• ASSIGNMENT
Output exactly the lines of the listing below that run from the line with "ਸਰਦੀਆਂ 'ਚ ਵੱਧ" through the line with "婴语奶声奶气,婴语声音视频". No pictures.

• SOURCE MATERIAL

────────────────────

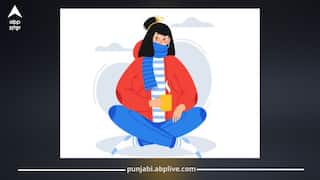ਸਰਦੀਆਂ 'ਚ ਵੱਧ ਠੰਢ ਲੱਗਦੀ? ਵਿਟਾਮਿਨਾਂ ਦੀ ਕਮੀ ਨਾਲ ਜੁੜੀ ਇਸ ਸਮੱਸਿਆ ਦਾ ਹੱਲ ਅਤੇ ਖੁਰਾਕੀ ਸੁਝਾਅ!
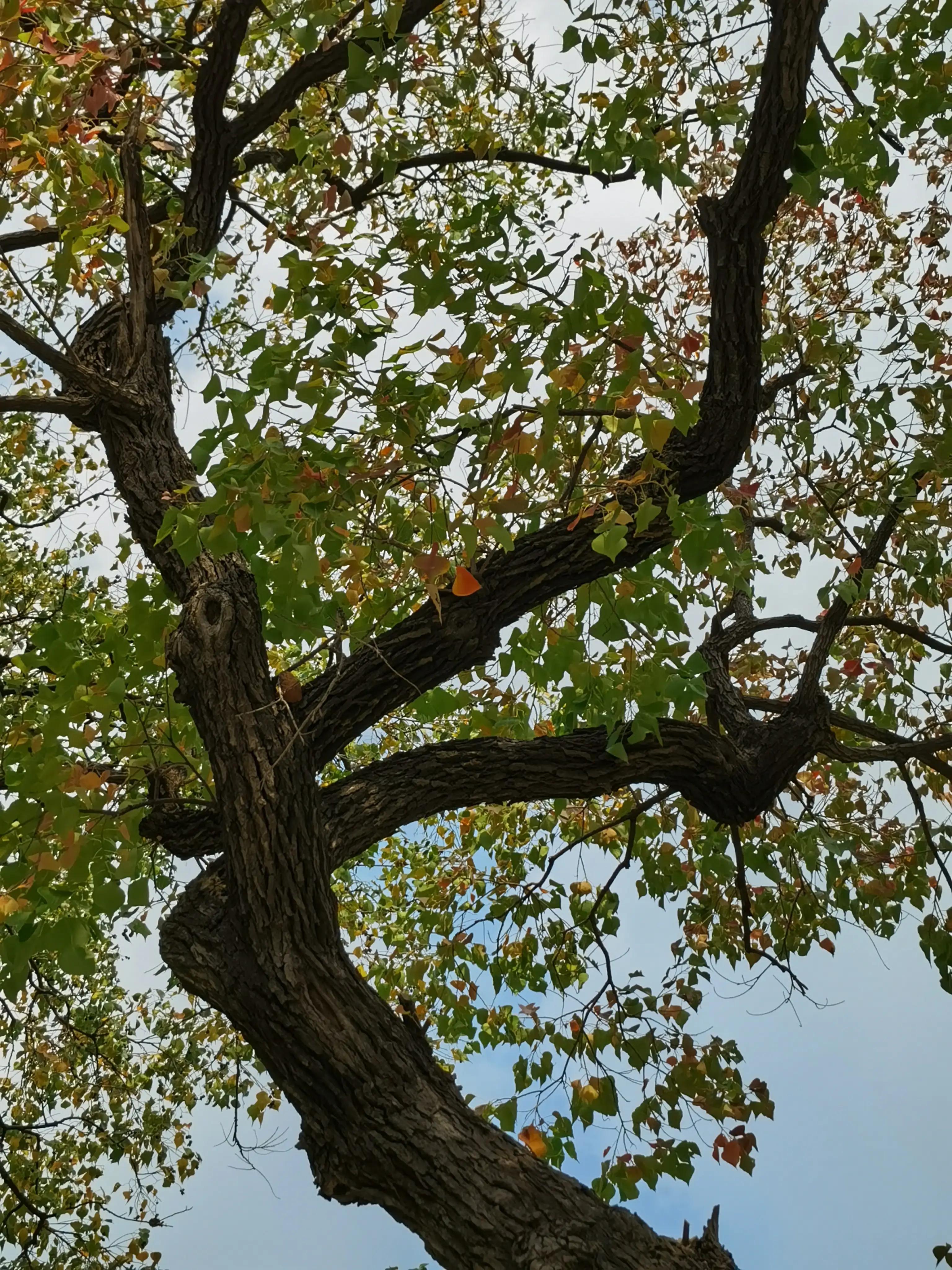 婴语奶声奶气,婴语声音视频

────────────────────

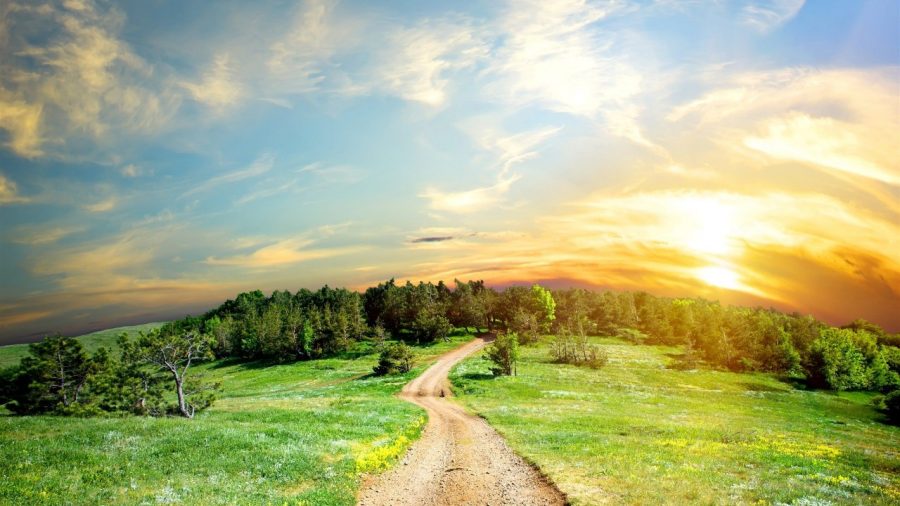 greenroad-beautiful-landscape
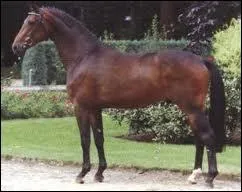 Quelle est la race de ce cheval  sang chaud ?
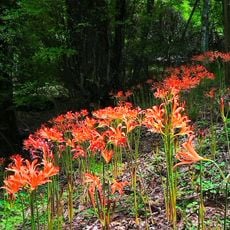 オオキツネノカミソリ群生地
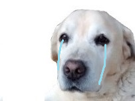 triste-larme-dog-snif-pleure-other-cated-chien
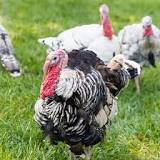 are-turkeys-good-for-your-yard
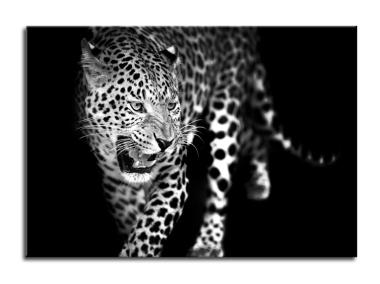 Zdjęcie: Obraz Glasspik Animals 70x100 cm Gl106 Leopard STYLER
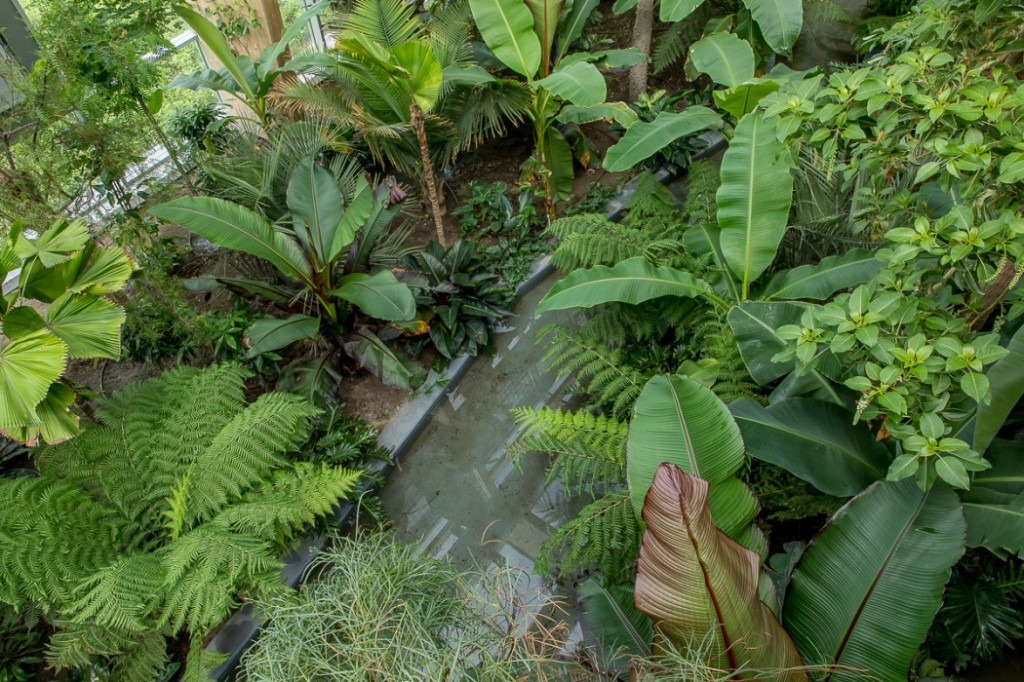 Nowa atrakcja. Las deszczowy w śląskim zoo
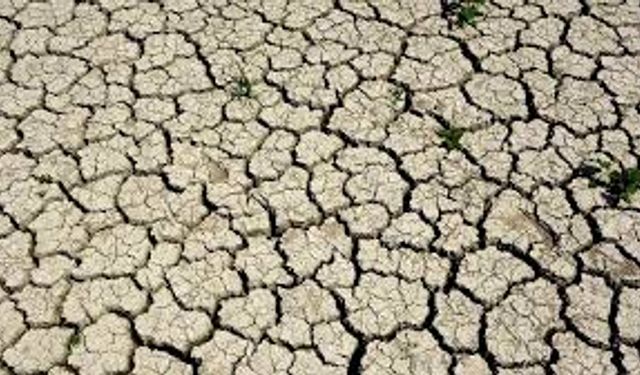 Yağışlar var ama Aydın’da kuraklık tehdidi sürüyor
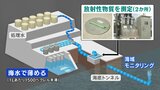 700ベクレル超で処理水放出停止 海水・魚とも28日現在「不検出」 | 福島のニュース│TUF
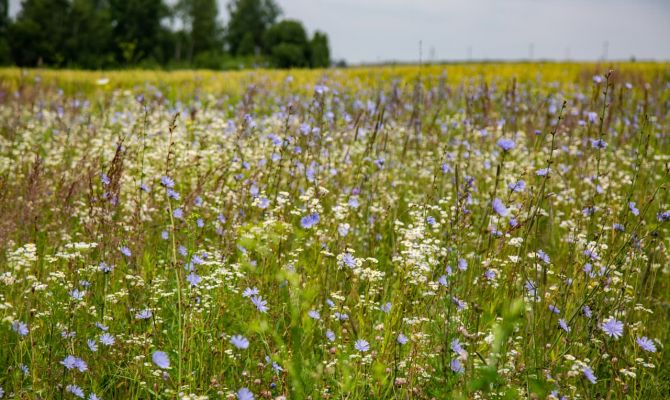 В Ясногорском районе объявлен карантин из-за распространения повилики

────────────────────

• OUTPUT OF THE TASK
ਸਰਦੀਆਂ 'ਚ ਵੱਧ ਠੰਢ ਲੱਗਦੀ? ਵਿਟਾਮਿਨਾਂ ਦੀ ਕਮੀ ਨਾਲ ਜੁੜੀ ਇਸ ਸਮੱਸਿਆ ਦਾ ਹੱਲ ਅਤੇ ਖੁਰਾਕੀ ਸੁਝਾਅ!
 婴语奶声奶气,婴语声音视频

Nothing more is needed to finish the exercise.